The Maine Gaeltacht DNA Project includes the family trees and DNA test results from people still living in Ireland, particularly in the Connemara region of County Galway, where many Irish Mainers have roots.
LaCombe, who is the project administrator, and Maureen Coyne Norris, 68, the founding board chairwoman of the center, have traveled to Ireland numerous times to test dozens of people from different families using DNA test kits purchased with their own money, assuming people would be more inclined to be tested if it was free.
They’ve even tested elderly residents in nursing homes who have surnames that would help to expand the project’s database.
“They’re so appreciative that we want to know about their history. I’ve only ever had one person say no,” said Norris, who is an ambassador to the Emigration and Diaspora Centre in Carna, County Galway.
The DNA tests are a big help to people trying to track down their ancestors in Ireland, where many public records are illegible or nonexistent.
Gleeson says that many parishes in Ireland didn’t keep records to avoid persecution by the English.
“We still have the same problem with going back further than the early to mid-1800s on most Irish ancestral lines,” he said.
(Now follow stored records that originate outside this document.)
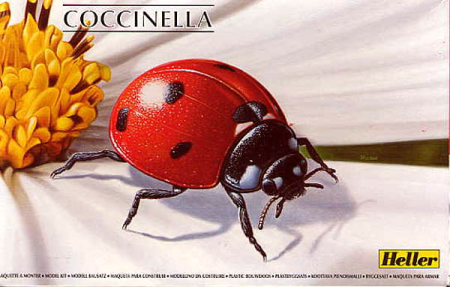 Coccinella Marienk&#228;fer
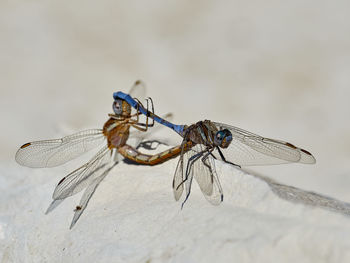 Two dragonflies copulating beside a river, near onteniente, spain.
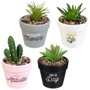Home Deco Factory Plante artificielle avec pot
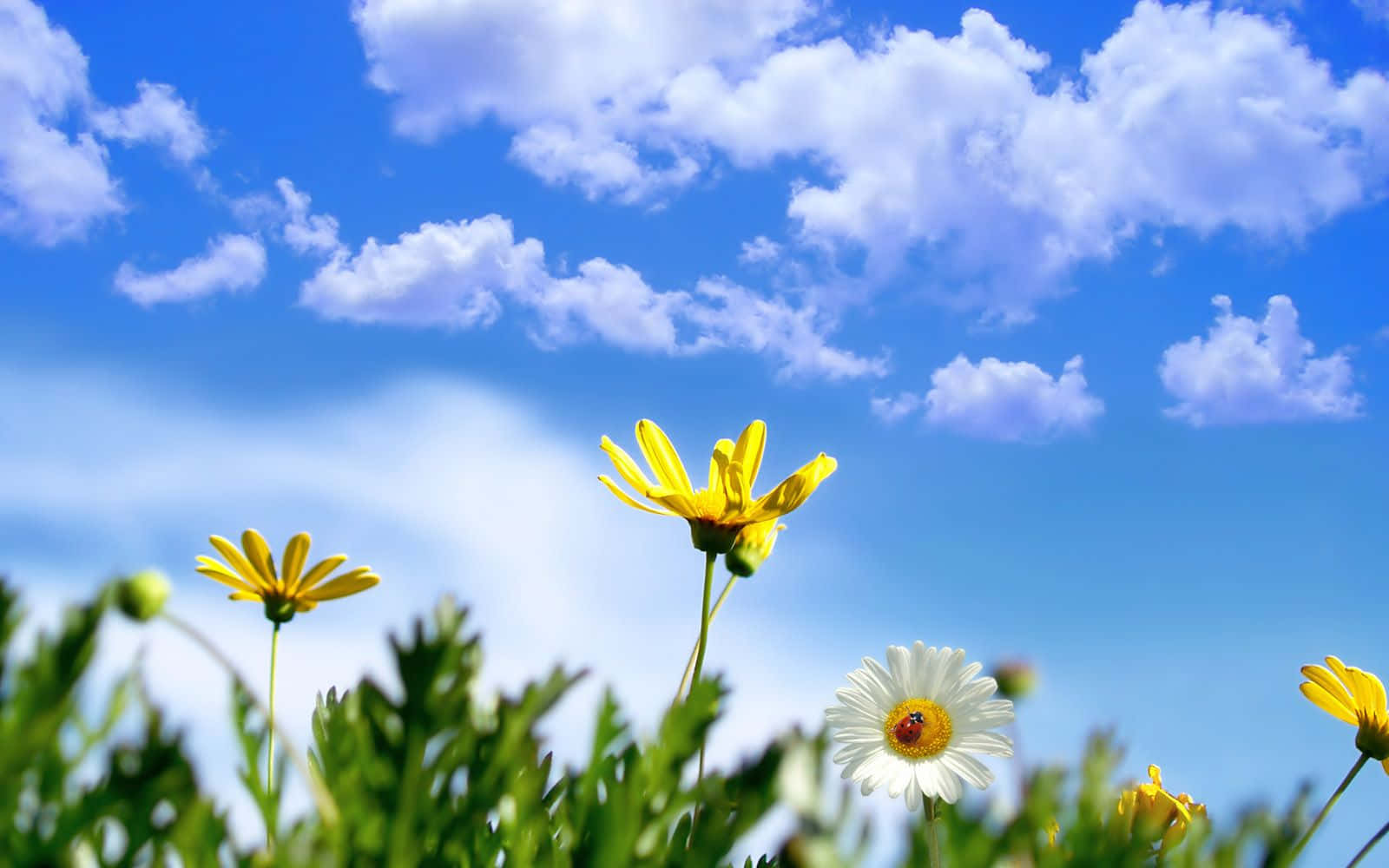A Field Of Flowers With A Blue Sky Background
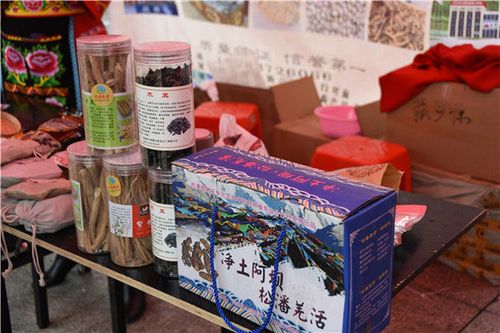 松潘松茸和小金松茸有什么区别?阿坝州松番多少度-图1 松潘松茸和小金松茸有什么区别?阿坝州松番多少度-图1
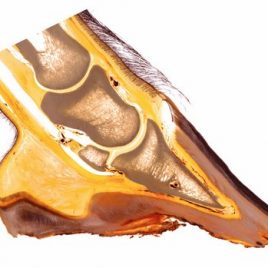 Anatomie Hufpolster Blutversorgung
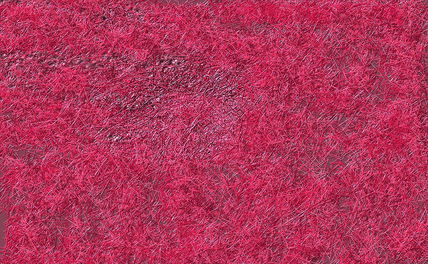 Fiber red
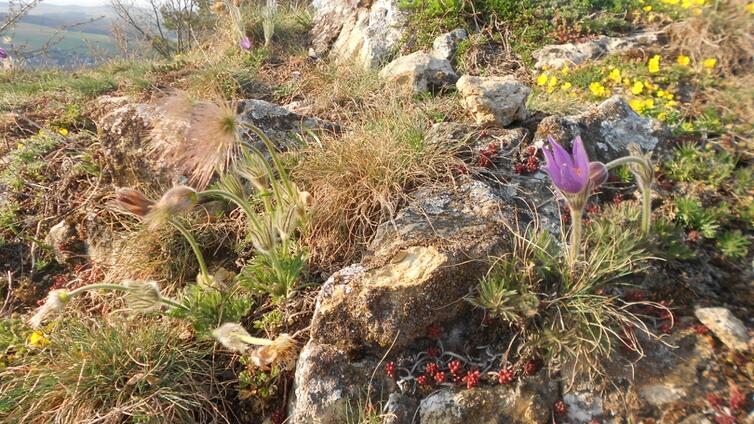 4-Wacholderheiden-c-Naturpark-Leiser-Berge.jpg © Naturpark-Leiser-Berge 4 Wacholderheiden
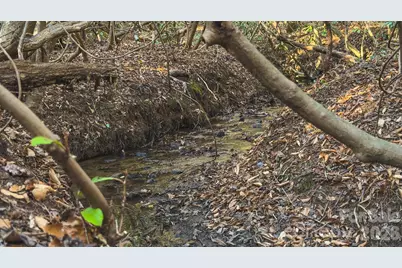 Tbd All Healing Springs Road #1, Taylorsville, NC 28681 - Photo 15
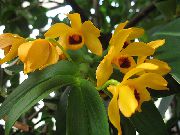 gul Krukväxter Dendrobium Orchid Blomma  foto
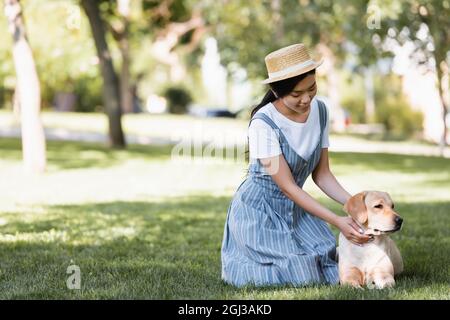 giovane donna asiatica che accarezza il labrador giallo sul prato del parco Foto Stock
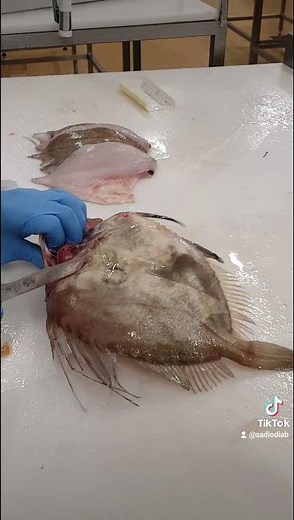 comment faire un filet de poisson
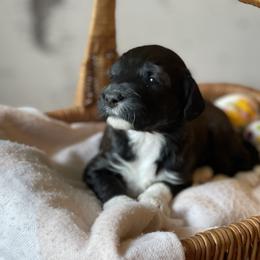 Bernedoodle Puppies from Creekside Doodles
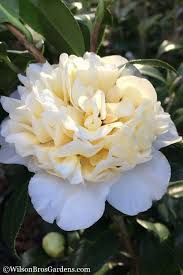 Buy Brushfield Yellow Camellia Plant Free Shipping For Sale From Wilson Bros Gardens Online Camellia Plant Plant Sale Trees To Plant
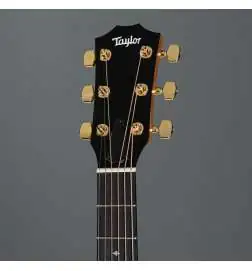 Taylor 224ce-K DLX Lefthand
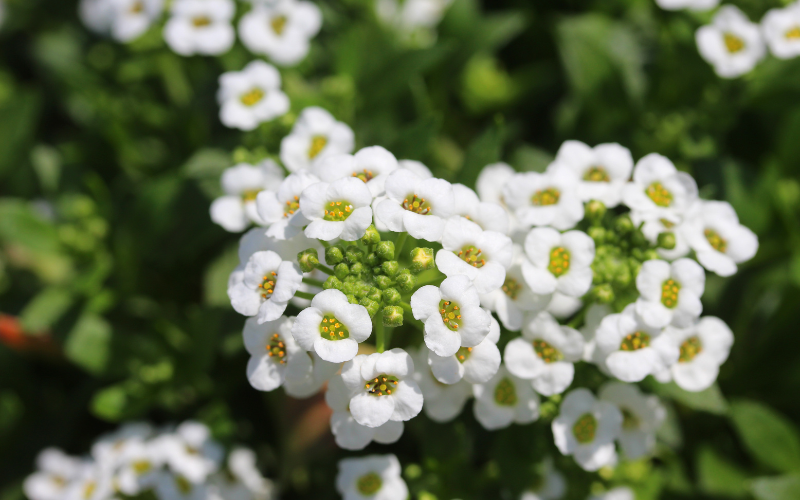Alyssum Flower - Flowers Name Starting with A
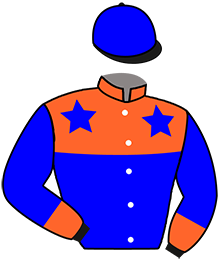 Casaque du n°3 — LOTTERIO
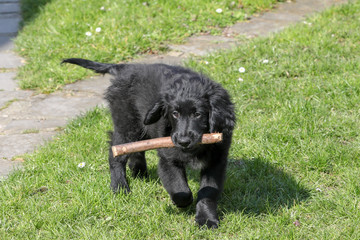Obraz premium A young dog in a garden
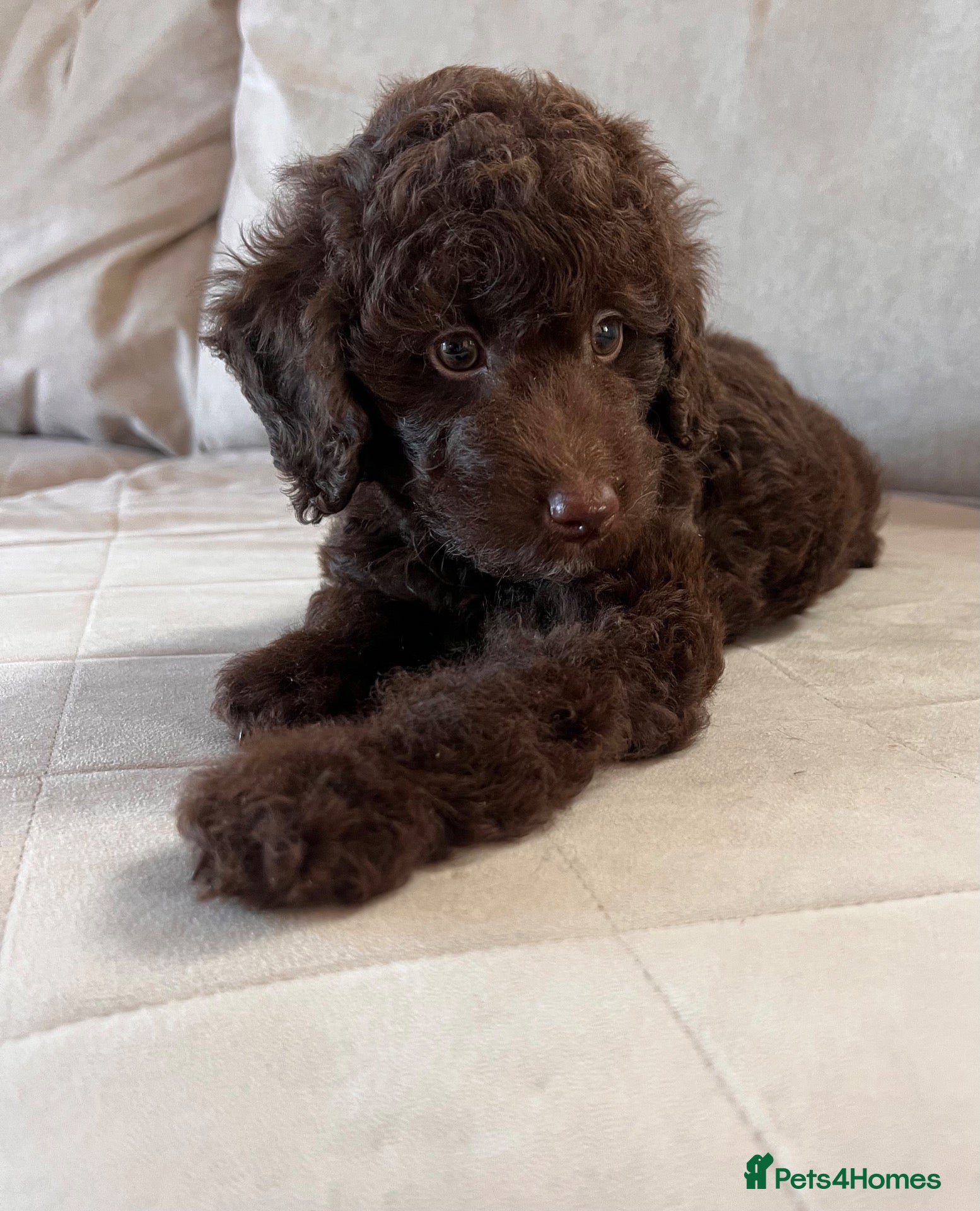 Miniature Poodle dogs ‼️READY NOW‼️ CHOCOLATE MINIATURE POODLE  - Advert 2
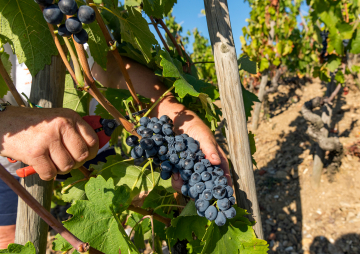 Vigne photo thématique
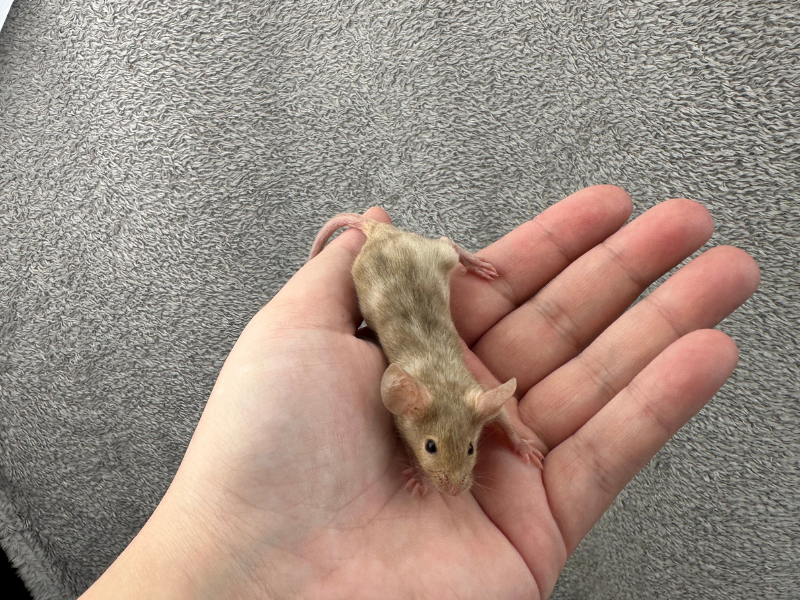 Fancy mouse Pet only Mus musculus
Complicating the process is the fact that in 1922, during the Irish Civil War, the country’s public records office in Dublin was destroyed by fire. Census records from 1821, 1831, 1841, 1851 and more were lost in the fire.
“We lost 800 years of Irish history in a matter of seconds,” Gleeson said.
Through the project, Deb Sullivan Gellerson, a volunteer genealogist at the center, was able to connect with her relative Kevin Coyne, a retired postmaster living in County Galway. Gellerson and Coyne are third cousins within the Joyce family, Gellerson’s mother’s paternal line.
Gellerson had met Coyne on previous trips to Ireland. After Coyne was “swabbed” for DNA as part of the project, Gellerson traveled to Ireland in 2014 and shared the DNA results with him.
“He was very pleased, but he expected it,” Gellerson recalled. “For me, it just verified so much. You work so hard to find out anything you can about where your people come from. Some people are satisfied if they can’t find out exactly, but I want solid proof.”
The Maine Gaeltacht DNA Project requires members to submit genetic information through the Family Tree DNA website.
Project members can use the website’s Family Finder autosomal DNA test, which can confirm parent-child, sibling and cousin relationships through genetic matches excluding the X or Y sex chromosomes.
“The autosomal test reaches as far out as fifth cousins and as far back as five generations,” said Krista Heatley Ozyazgan, co-administrator of the Maine Gaeltacht DNA Project.
People who’ve been tested through Ancestry.com, 23andMe.com or National Geographic’s Genographic Project can transfer their results to FamilyTreeDNA.com.
The Portland Press Herald reports that male project participants can test their YDNA to determine their paternal line, and female participants can test their mtDNA to find their maternal line. All participants joining the project must submit a family pedigree delineating at least three to five generations.